New arXiv study maps how people anthropomorphize — and trust — large language models
Researchers quantify anthropomorphism across thousands of interactions
A new preprint on arXiv (arXiv:2604.15316) examines how people attribute human-like minds and emotions to large language models (LLMs) and how those attributions shape trust. The study analyzed more than 2,000 human–LLM interactions collected from 115 participants to “map the dimensions” users invoke when they anthropomorphize conversational models. Reportedly, the authors identify recurring axes — such as perceived agency, emotionality and competence — that people lean on when judging whether to believe or rely on a model.
Why this matters now
LLMs are moving out of research labs and into everyday products. Designers, companies and regulators want to know: when does a conversational agent become “someone” in users’ minds, and what risk follows from misplaced trust? Short answer: the social cues these models emit can create familiarity and confidence very quickly. That has design implications — disclosure, interface cues and guardrails — and regulatory ones too, especially where misattributed intent could amplify harm.
Context for global and Chinese readers
This work is relevant to the global AI ecosystem and to China’s rapidly evolving LLM market, where companies such as Baidu (百度), Alibaba (阿里巴巴) and Tencent (腾讯) are racing to commercialize chat and assistant products. It has been reported that Chinese platforms are rolling out increasingly human‑facing interfaces; in that competitive and highly regulated environment, understanding anthropomorphism is not just academic but commercially urgent.
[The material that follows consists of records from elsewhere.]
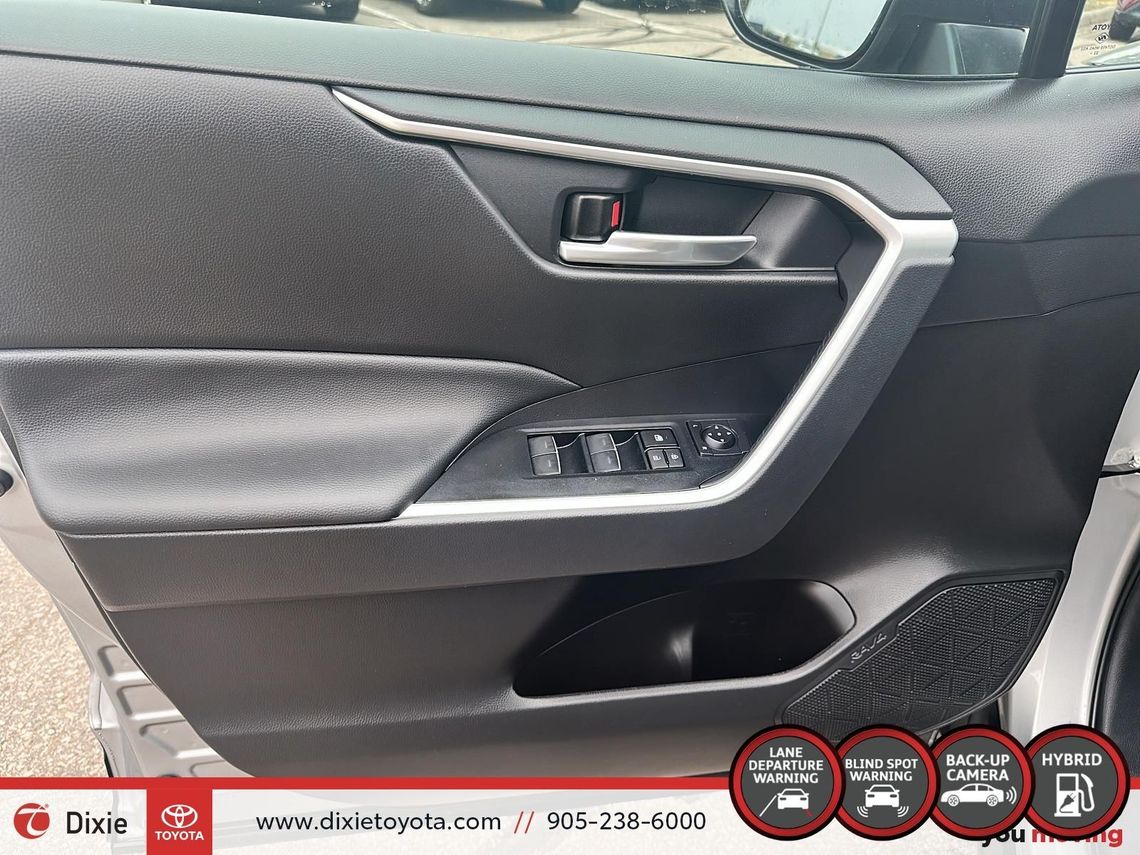 2023 TOYOTA RAV4 SE HYBRID AWD / CLEAN CARFAX / HEATED SEATS / MOONROOF / ALLOY WHEELS / CARPLAY AND ANDROID AUTO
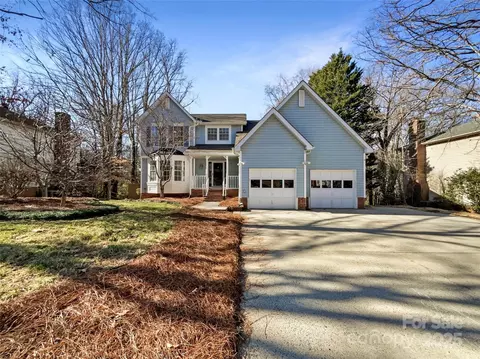 2650 Whisper Ridge Ln, Matthews, NC 28105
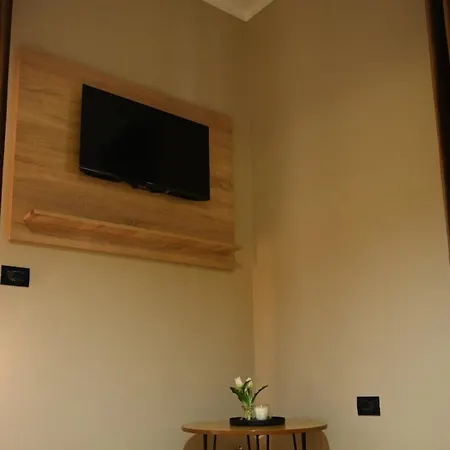 Fly בית אירוח Krujë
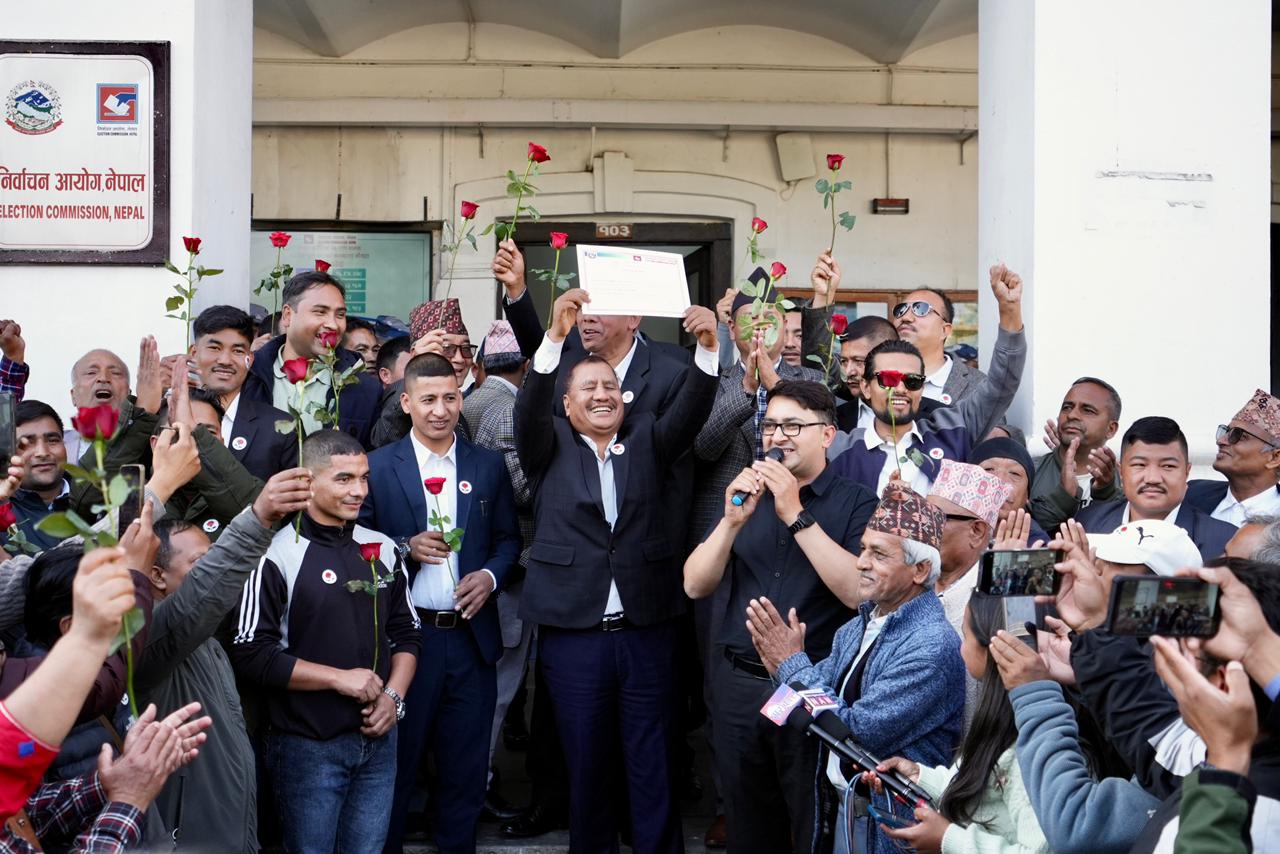 निर्वाचन आयोगमा बाजागाजासँगै ‘गुलाफको फूल’ [फोटो फिचर]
Geopolitical tensions and export controls on advanced chips and AI tools add another layer: national strategies for trustworthy AI increasingly shape which models are developed, deployed and audited.
Takeaway: design, disclosure and trust
The paper underscores a simple but consequential point: people will treat LLMs like social actors unless designers intentionally prevent it. How will companies balance conversational power with clear limits? How will policymakers require transparency so users don’t over‑trust a system that only simulates understanding? The arXiv preprint is a timely prompt for those questions, and it sets a measurable foundation for further work on ethics, regulation and product design.